Additional validations of the second and third sets of content
items and classification tags may also be obtained through the GUI
and used to further update the statistical model.
[0067] FIG. 5 shows a flowchart illustrating the process of
performing relevance-based classification of text in accordance
with the disclosed embodiments. In one or more embodiments, one or
more of the steps may be omitted, repeated, and/or performed in a
different order. Accordingly, the specific arrangement of steps
shown in FIG. 5 should not be construed as limiting the scope of
the embodiments.
[0068] Initially, validated training data containing a first set of
content items and a first set of relevance tags that identify the
first set of content items as relevant to one or more topics by one
or more domain experts is obtained (operation 502). For example,
the domain experts may add relevance tags to content items that are
relevant to one or more products or features associated with an
online professional network.
[0069] Next, the validated training data is used to produce a
statistical model for classifying the relevance of content to the
topic(s) (operation 504). For example, the validated training data
may be used to create an SVM, naive Bayes classifier, logistic
regression model, and/or other type of model that classifies each
content item in the first set of content items as relevant to or
not relevant to a given topic based on the relevance tags for the
content item. To produce the statistical model, a set of features
may be generated from the content item and provided as input to the
statistical model. The features may include a number of proper
nouns, a number of emoticons, a number of words, a number of
sentences, an average number of words in a sentence, a percentage
of special characters, a percentage of emoticon characters, and/or
a number of URLs in the content item. The features may also include
one or more n-grams and/or topics in the content item, including a
flag for a topic related to social media (e.g., mentioning a social
media site) in the content item. Finally, the features may include
profile data for a creator of the content item. As a result, the
statistical model may be trained to identify patterns in the
features that indicate relevance to a given topic.
[0070] The statistical model is then used to generate a second set
of relevance tags for a second set of content items (operation
506). For example, the statistical model may be used to identify a
subset of the second set of content items that includes content
items relevant to a given topic represented by a type of relevance
tag in the training data.
[0071] A validated subset of the second set of relevance tags is
also obtained (operation 508). For example, the second set of
content items and relevance tags may be displayed to a set of users
within a GUI and/or tagging tool, and some or all of the relevance
tags may be verified or corrected by the users through the GUI. The
validated subset is provided as additional training data to the
statistical model to produce an update to the statistical model
(operation 510), and the update is used to generate a third set of
relevance tags for a third set of content items (operation 512).
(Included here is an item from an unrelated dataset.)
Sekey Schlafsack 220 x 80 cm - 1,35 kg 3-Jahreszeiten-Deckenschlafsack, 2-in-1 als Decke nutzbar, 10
Because the statistical model is updated using additional validated
training data, the accuracy of the statistical model may increase
over time.
[0072] Finally, one or more groupings of the second and third sets
of content items by the corresponding relevance tags are outputted
to improve understanding of content related to the topics without
requiring a user to manually analyze the content items (operation
514). For example, groupings of the second and third sets of
content items by the relevance tags may be displayed within a GUI,
along with user-interface elements for sorting, filtering, and/or
searching the grouped content items by additional keywords,
filters, attributes, and/or topics. Additional validations of the
second and third sets of content items and relevance tags may also
be obtained through the GUI and used to further update the
statistical model.
[0073] FIG. 6 shows a computer system 600 in accordance with an
embodiment. Computer system 600 includes a processor 602, memory
604, storage 606, and/or other components found in electronic
computing devices. Processor 602 may support parallel processing
and/or multi-threaded operation with other processors in computer
system 600. Computer system 600 may also include input/output (I/O)
devices such as a keyboard 608, a mouse 610, and a display 612.
[0074] Computer system 600 may include functionality to execute
various components of the present embodiments. In particular,
computer system 600 may include an operating system (not shown)
that coordinates the use of hardware and software resources on
computer system 600, as well as one or more applications that
perform specialized tasks for the user. To perform tasks for the
user, applications may obtain the use of hardware resources on
computer system 600 from the operating system, as well as interact
with the user through a hardware and/or software framework provided
by the operating system.
[0075] In one or more embodiments, computer system 600 provides a
system for processing data. The system may include an analysis
apparatus that obtains validated training data containing a first
set of content items and a first set of classification tags for the
first set of content items. In one or more embodiments, the
classification tags include relevance tags that identify the
relevance or lack of relevance of each content item in the first
set of content items to one or more topics.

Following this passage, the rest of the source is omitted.